Offenlegung der dnsmasq-Schwachstellen und Patches

  • CERT veröffentlicht am 11. Mai 2026 ein Set von CVEs für sechs schwerwiegende Sicherheitslücken in dnsmasq
  • Die Schwachstellen sind allesamt alte Bugs und betreffen nahezu alle dnsmasq-Versionen mit Ausnahme sehr alter Releases
  • Die CVEs wurden den Herstellern vorab offengelegt, und jeder Hersteller muss rechtzeitig eine gepatchte Version des dnsmasq-Pakets ausliefern
  • Details und Patches sind unter https://thekelleys.org.uk/dnsmasq/CVE/ verfügbar
  • Für das stabile Release dnsmasq 2.92 wurde die gepatchte Version 2.92rel2 erstellt, die über die bisherigen Download-Orte verfügbar ist
  • Im Entwicklungszweig sollen zeitgleich ebenfalls Fix-Commits erscheinen; einige nutzen dieselben Patches wie die Backports, andere sind umfassendere Überarbeitungen, die die Ursache des Problems beheben

Zunahme von KI-basierten Reports und Plan für 2.93

  • In den vergangenen Monaten hat KI-basierte Sicherheitsforschung zu einem starken Anstieg von Bug-Reports geführt, und das Entduplizieren sowie Klassifizieren der Fehler kostet viel Zeit
  • Die Bugs wurden in solche aufgeteilt, die eine Vorab-Offenlegung an Hersteller erfordern, und solche, die besser sofort nach Veröffentlichung behoben werden; diese Unterscheidung ist zwangsläufig subjektiv
  • Da mehrere „good guys“ dieselben Bugs wiederholt gefunden haben, ist es wahrscheinlich, dass auch „bad guys“ sie hätten finden können; daher wird der Nutzen eines langen Embargos als begrenzt angesehen
  • Die Koordination eines Embargos und die Bereitstellung von Backports erfordern von allen Beteiligten viel Zeit und Aufwand
  • Die meisten Bugs sollen in kommenden Releases behoben werden; Vorrang hat, neue dnsmasq-Versionen möglichst fehlerfrei zu machen
  • Dass in den Wochen vor der Ankündigung viele Security-Fix-Commits ins git-Repository aufgenommen wurden, passt ebenfalls zu dieser Richtung
  • Das Tag dnsmasq-2.93rc1 soll in Kürze erstellt werden; Ziel ist es, die stabile Version 2.93 so schnell wie möglich zu veröffentlichen
  • Tests des Release Candidate sind wichtig, daher sollten alle, die können, ihn frühzeitig testen
  • Wenn alles reibungslos läuft, könnte 2.93 in etwa einer Woche erscheinen
  • Der „Tsunami“ an KI-generierten Bug-Reports zeigt keine Anzeichen eines Abflauens, sodass sich derselbe Prozess bald erneut wiederholen könnte
  • Zwischen dem Ziel, möglichst viele der aktuell eingehenden Bugs noch in 2.93 aufzunehmen, und einer rechtzeitigen Veröffentlichung besteht ein Spannungsverhältnis; Priorität hat eine zeitnahe Veröffentlichung

1 Kommentare

 
GN⁺ 2 시간 전
Hacker-News-Kommentare
  • Es wirkt, als würden wir jetzt an einen Punkt kommen, an dem es dringend wird, in speichersichere Sprachen umzusteigen.
    Die meisten zuletzt gefundenen Schwachstellen hängen direkt mit nicht speichersicheren Sprachen zusammen, und es scheint sehr schwer zu rechtfertigen, warum man DNS-/DHCP-Server nicht in Rust oder Go schreiben kann, möglichst ohne unsafe.

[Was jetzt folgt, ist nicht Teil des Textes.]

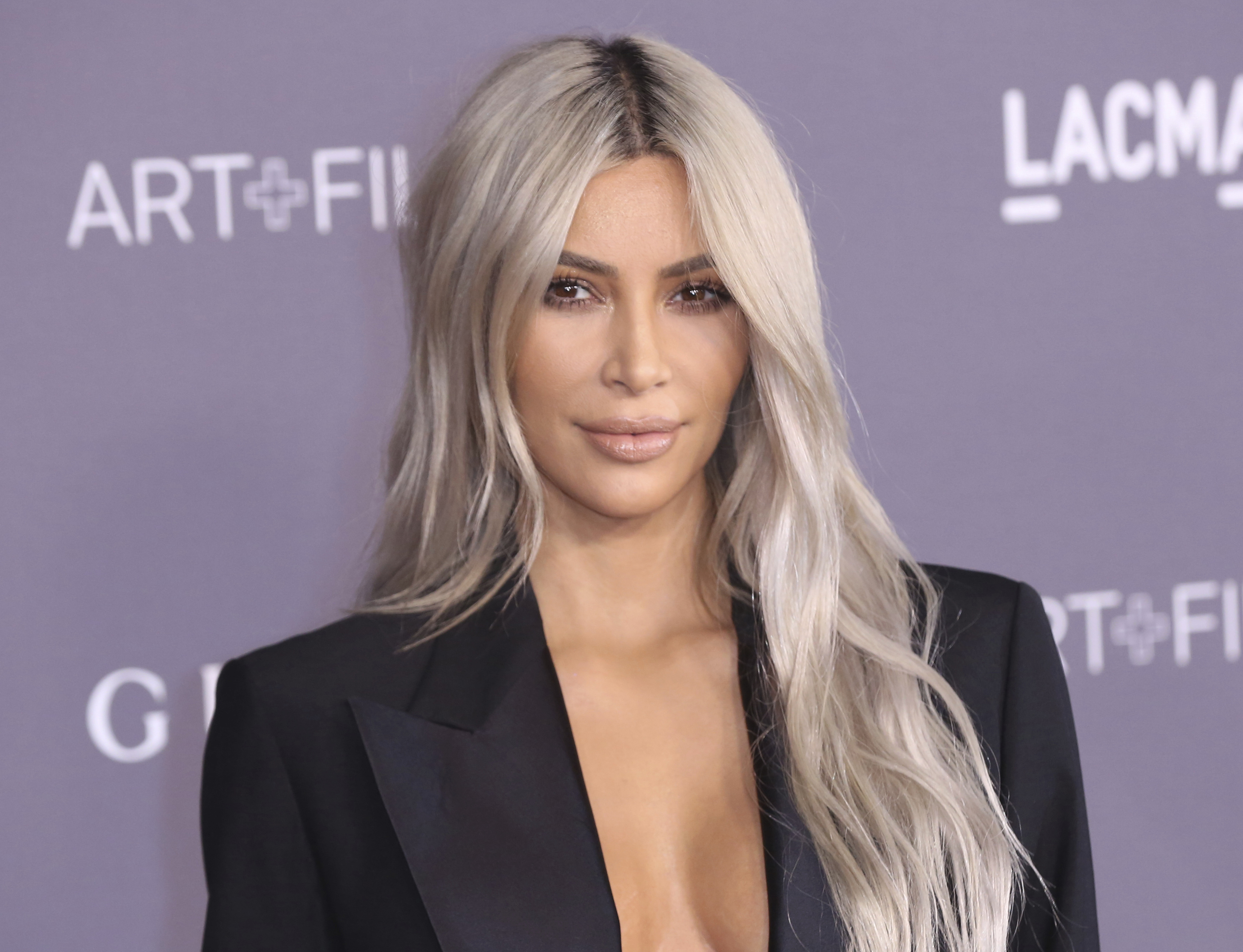 Kim Kardashian indrømmer: 'Jeg har stjålet et par Dior solbriller'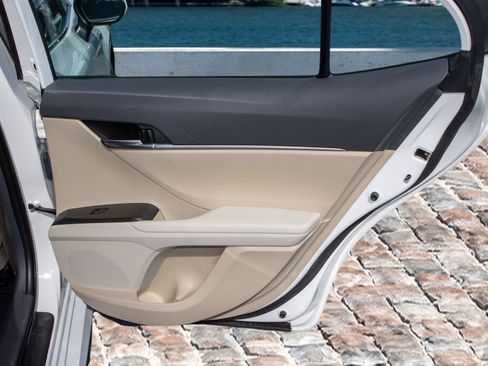 Used 2023 Toyota Camry LE image 13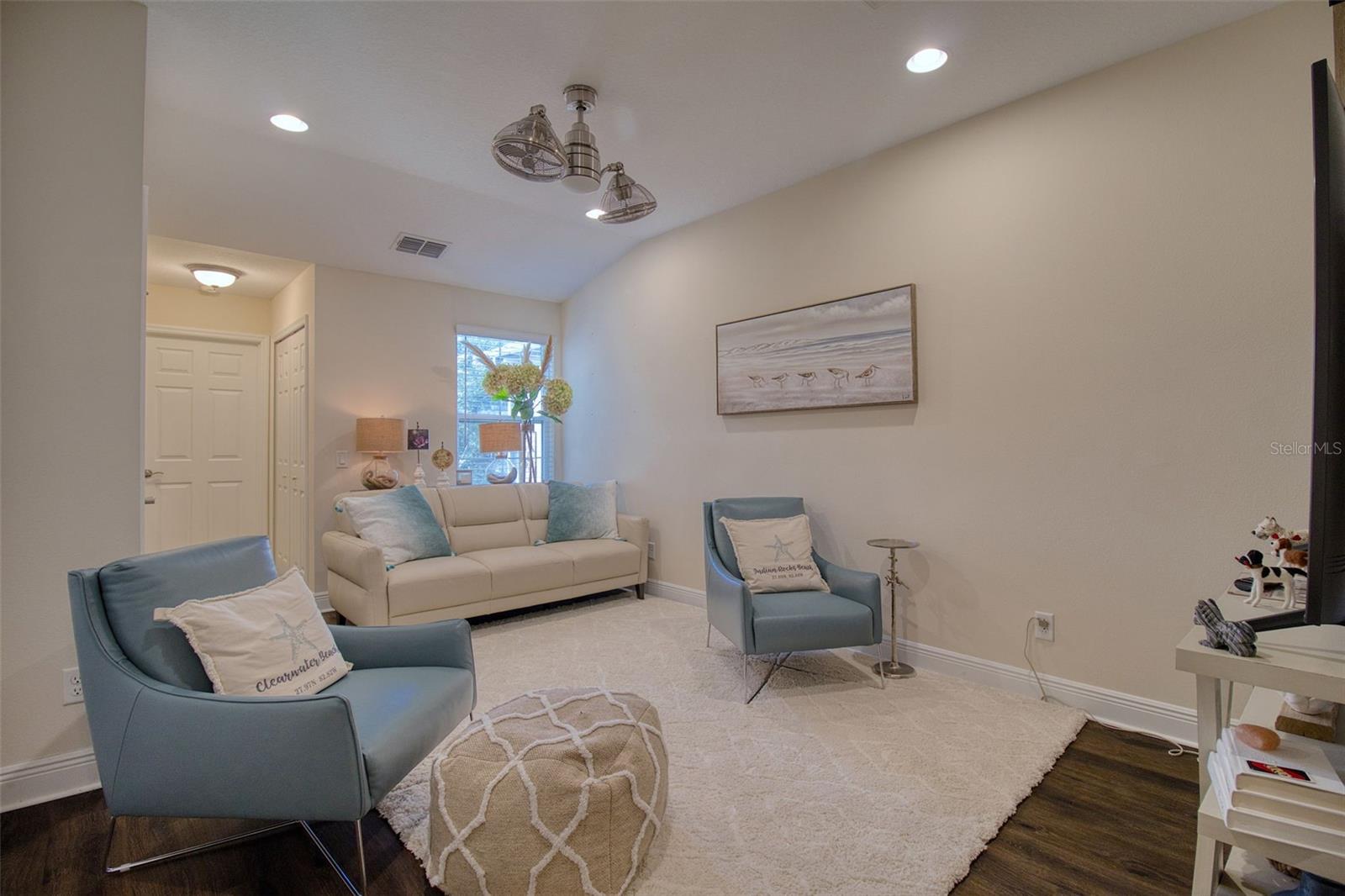 TOWNS AT BELLEAIR GROVE - Residential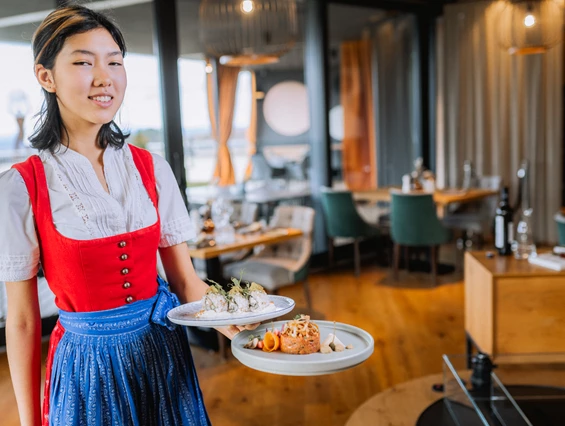 Restaurant: Warme Küche mit Herz serviert - Ratscher Landhaus Lounge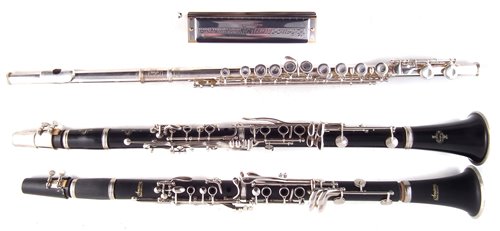 Lot 30 - Armstrong clarinet, Buffet clarinet, Lafleur flute, Hohner 64 chromonica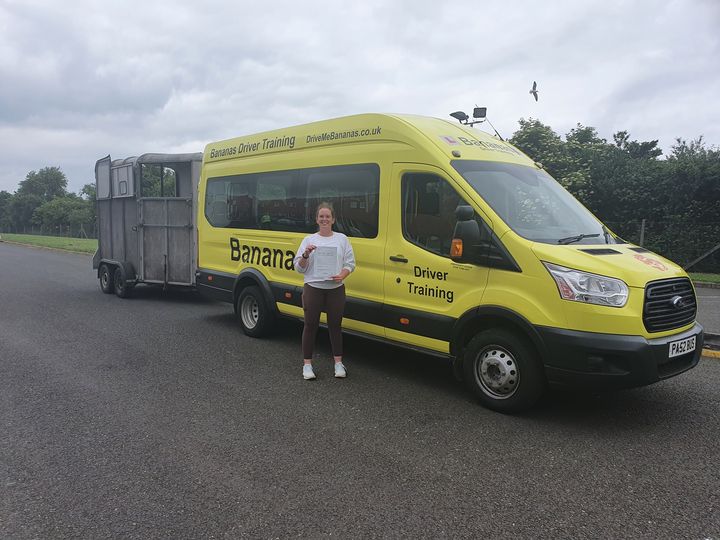 D1+E Minibus and heavy trailer training Livingston Scotland
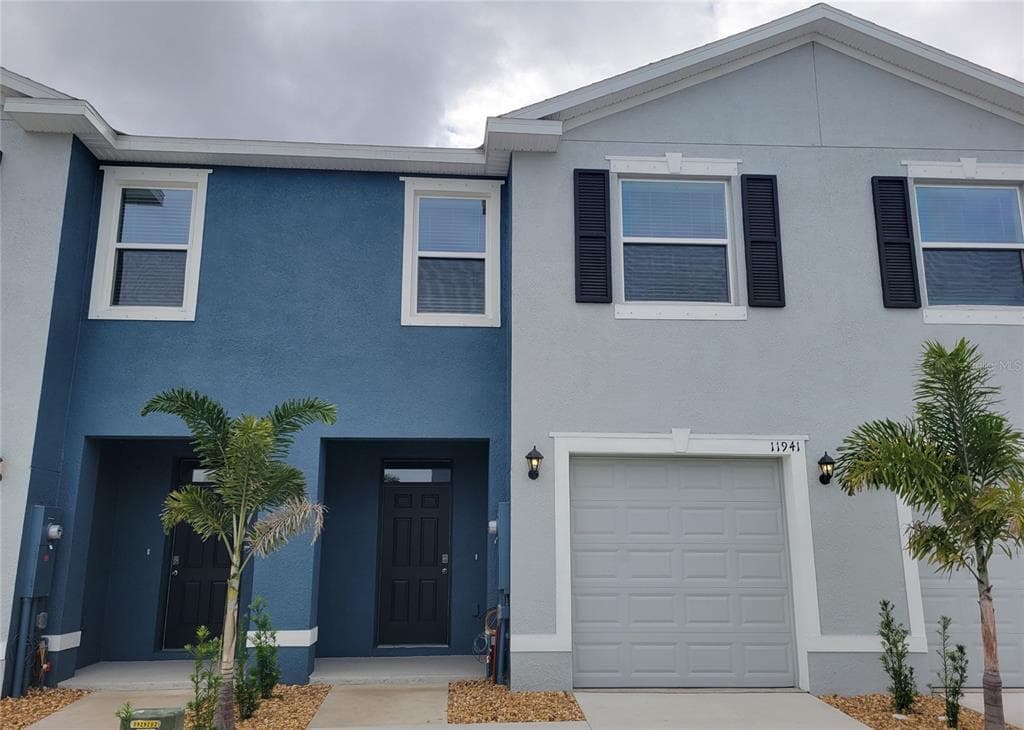 11941 HAMILTON AVENUE LARGO, FL 33774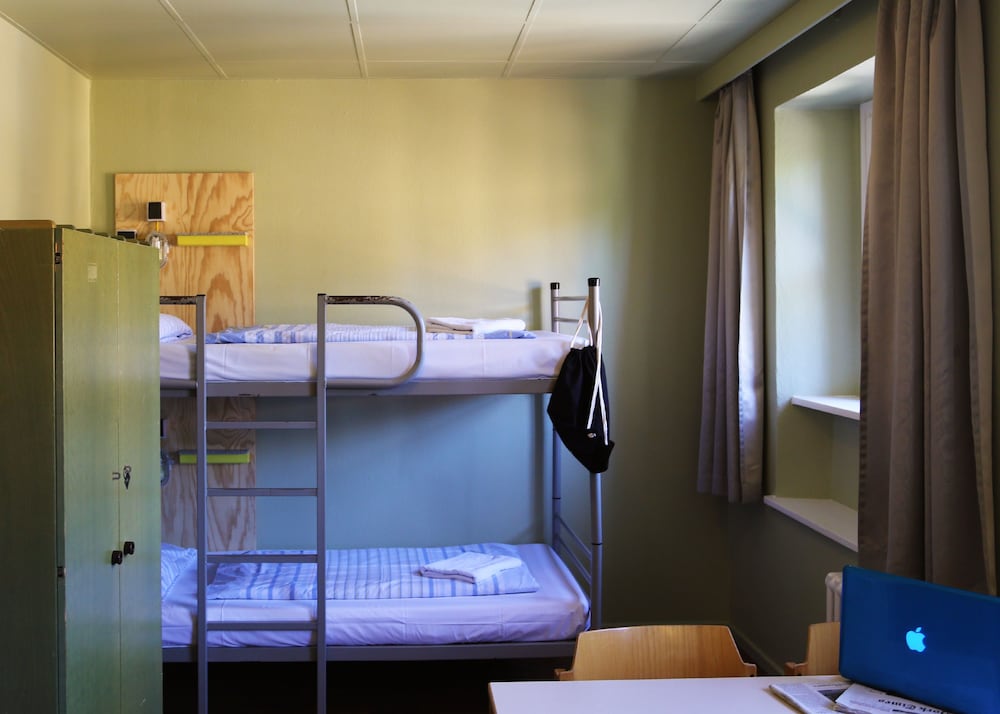 MIXED DORM, 4 BEDS, 2 BUNK BEDS, SHARED BATHROOM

    • https://news.ycombinator.com/item?id=47943499 — Es gab den Fall, dass man coreutils durch eine neue Rust-Implementierung ersetzen wollte und dabei 44 CVEs herauskamen. Ein kostenloses Mittagessen gibt es nicht.
    • Das Problem ist nicht die Sprache, sondern der Mangel an Fachkräften, die so etwas angehen.
      AI-Sicherheitsforscher tun immerhin irgendetwas. Wenn es so einfach wäre, alles in Rust neu zu schreiben, hätte es am Tag nach so einem Vorfall sofort eine robuste Rust-Alternative geben müssen.
      Warum das nicht passiert? Weil man für solche Arbeit kaum GitHub-Stars bekommt.
    • Vielleicht liegt das Problem an der Art, wie wir auf dynamischen Speicher blicken.
      Ich bezweifle, dass „wir kennen die Maximalgröße nicht, also muss alles dynamisch sein“ wirklich richtig ist. Es ist nicht das Ende der Welt, wenn ein Programm eine zulässige maximale Eingabegröße deklariert und darüber hinaus einen Fehler ausgibt oder einen Ringpuffer verwendet.
      Wenn man die Größe kennen kann, kann man entsprechend entwerfen. RAM ist endlich, und es ist seltsam, dass alle Schichten darin so gebaut werden, als wären sie unendlich.
      Auf Rust umzusteigen wirkt wie eine enorme Zeitverschwendung und löst nicht das grundlegende Problem, dass Programme nicht an die Realität endlicher Systemressourcen angepasst modelliert werden. Das betrifft nicht nur Speicher. Dass Chrome ein 4-GB-Modell auf das Gerät des Nutzers lädt, ist ein ähnlicher Fall.
    • Stimme ich nicht zu. Dank AI-Agenten, die potenzielle Schwachstellen finden, werden Schutzmechanismen eindeutig besser.
  • https://xchglabs.com/blog/dnsmasq-five-cves.html

  • Ich habe mich gefragt, ob OpenWRT schon einen neuen Build veröffentlicht hat, aber die Antwort ist: noch nicht, es wird noch daran gearbeitet.
    https://forum.openwrt.org/t/dnsmasq-set-of-serious-cves/2500...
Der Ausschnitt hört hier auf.